Firefighters and police
pulled dozens of corpses out of the ruins of the two-storey building on
Thursday, a day after the blaze trapped the terrified workers with apparently
few exits and no fire safety training.
BBC reports:
"Many of those
retrieved were reduced to skulls and bones," national police chief
Leonardo Espina said during an emotional press conference, as local authorities
confirmed 72 people had died.
"Someone will
definitely be charged because of the deaths. It doesn't matter if it's an
accident, people died. Right now, we are investigating to clearly define what
happened. For sure, someone will be charged."
Sparks from welding
equipment used to repair a broken gate are believed to have caused the fire
when they ignited flammable chemicals stored nearby.
By early afternoon on
Thursday, 72 bodies had been pulled from the gutted building, Valenzuela mayor
Rex Gatchalian told AFP.
He said he believed this
would be close to the final death toll, as the figure matched the number of
people missing.
The building, among a
long row of factories in the rundown district of Valenzuela on the northern
edge of the Philippine capital, made cheap slippers and sandals for the local
market.
The footwear had names
such as "Havana" that sound like well-known global brands, company
employees said.
- No safety standards -
The factory workers toiled
for below minimum wage while surrounded by foul-smelling chemicals and were not
aware of fire safety standards, survivors and relatives said.
"The families can't
help but be angry about what happened. We will never forget this," Rodrigo
Nabor, whose two sisters were inside the factory and remain unaccounted for,
told AFP.
Nabor was among relatives
of factory workers waiting for body bags at a village hall that had been
converted into a makeshift morgue.
"I've lost hope that
they survived," said Nabor, 31, who works at a nearby plywood factory.
"I can't explain how
I'm feeling. I didn't sleep at all last night. I just kept walking around the
factory hoping for news."
Nabor said his sisters,
Bernardita Logronio, 32, and Jennylyn Nabor, 26, often complained of
foul-smelling chemicals in their workplace.
"They said they keep
an electric fan on to drive some of the smell away," he said.
Nabor said their pay
depended on how many sandals they finished, which could be as little as 300
pesos ($6.70) a day.

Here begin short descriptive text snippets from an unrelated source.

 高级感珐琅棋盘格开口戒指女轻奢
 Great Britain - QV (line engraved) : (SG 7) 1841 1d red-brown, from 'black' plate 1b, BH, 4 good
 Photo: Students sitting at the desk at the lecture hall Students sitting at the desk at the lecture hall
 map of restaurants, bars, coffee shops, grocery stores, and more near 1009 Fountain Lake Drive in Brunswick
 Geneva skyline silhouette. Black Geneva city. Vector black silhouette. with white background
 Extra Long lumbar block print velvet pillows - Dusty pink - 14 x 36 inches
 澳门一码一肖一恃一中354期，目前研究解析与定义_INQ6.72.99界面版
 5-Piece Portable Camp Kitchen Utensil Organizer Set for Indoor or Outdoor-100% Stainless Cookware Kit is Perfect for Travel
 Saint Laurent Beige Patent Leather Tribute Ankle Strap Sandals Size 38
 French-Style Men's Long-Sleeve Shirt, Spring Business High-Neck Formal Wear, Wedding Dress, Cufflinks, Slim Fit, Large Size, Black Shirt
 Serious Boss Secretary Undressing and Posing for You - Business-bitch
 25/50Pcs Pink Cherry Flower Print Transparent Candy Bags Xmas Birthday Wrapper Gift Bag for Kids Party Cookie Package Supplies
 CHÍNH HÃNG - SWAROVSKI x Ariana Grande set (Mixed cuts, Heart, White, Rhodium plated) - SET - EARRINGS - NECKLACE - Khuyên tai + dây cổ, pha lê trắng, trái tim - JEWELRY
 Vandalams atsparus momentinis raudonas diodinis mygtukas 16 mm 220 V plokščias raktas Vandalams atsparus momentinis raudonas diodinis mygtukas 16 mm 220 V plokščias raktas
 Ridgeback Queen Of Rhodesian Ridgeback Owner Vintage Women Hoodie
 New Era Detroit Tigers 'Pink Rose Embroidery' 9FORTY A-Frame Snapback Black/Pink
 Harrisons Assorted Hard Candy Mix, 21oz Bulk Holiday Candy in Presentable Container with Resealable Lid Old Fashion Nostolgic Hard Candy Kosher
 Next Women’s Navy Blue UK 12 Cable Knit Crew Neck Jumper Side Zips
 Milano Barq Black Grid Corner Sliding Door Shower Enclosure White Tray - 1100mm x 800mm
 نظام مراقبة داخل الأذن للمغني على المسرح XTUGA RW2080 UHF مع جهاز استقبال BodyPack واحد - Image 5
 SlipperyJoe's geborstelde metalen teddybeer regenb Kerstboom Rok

Nabor's sisters each had a young child.
One survivor, 23-year-old
Lisandro Mendoza, said he escaped by running out the back door, but that the
company had not conducted any fire safety education or drills during his five
months working there.
"We were running not
knowing exactly where to go," said Mendoza.
"I was having lunch
when I saw smoke coming from the front, then I just ran and kept running."
Mendoza said he worked
12-hour days, seven days a week, for 3,500 pesos ($79), mixing chemicals.
"It's a very foul smell.
I can still smell it even if I have one face mask on top of the another,"
he said.
Another survivor, Janet
Victoriano, also described lax fire safety standards.
"I had never been
involved in a fire drill ever," Victoriano, who had worked at the factory
for five years, told DZMM radio.
Victoriano said she was
able to escape because she was near the front door when the blaze started.
Deadly fires regularly
rip through the poor areas of the Philippine capital, but mostly in shanty
homes where there are virtually no fire safety standards.
In the deadliest fire in
Manila in recent times, 162 people were killed in a huge blaze that gutted a
Manila disco in 1996.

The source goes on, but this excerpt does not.